Emira is very much a woman of the times, 20-something, economically unsteady, wanting more but not sure what or how to move forward, torn between practicality, her own interests, and what everyone else seems to think is best for her.

The author captures so much about the chasms in today’s society in terms of race and social status and affluence. She shows the privilege that pervades self-identified liberals’ attitudes and the (perhaps) unwitting arrogance that makes a person of wealth and influence feel that they know how best to help someone with less.

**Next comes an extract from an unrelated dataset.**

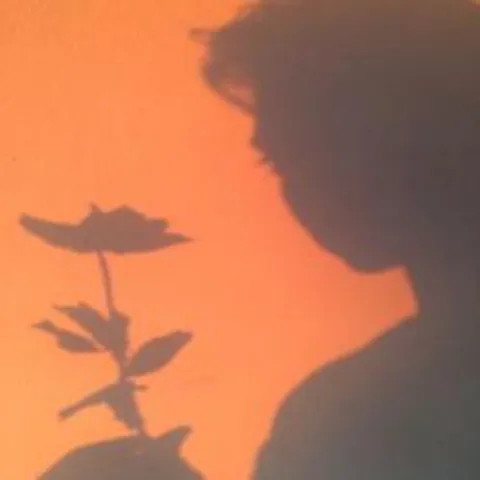 avatar-77100702-f10c-4436-a191-e82f3d6bf619.jpg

I loved the writing and the zippy dialogue, as well as the plot that races through the story without short-changing the characters and their conflicts. It’s fascinating to see how different characters’ memories and interpretations of the same events can be so wildly different.

I’m not surprised to see this book being picked up as a book group choice both by mega-star clubs like Reese’s and by casual groups too. In fact, that’s my one complaint — where’s a book group when I need it?

It’s maddening to have no one to talk about this book with. There’s so much to discuss and pull apart and argue over! This is a book that I’ll definitely be pushing into the hands of as many of my bookish friends as possible.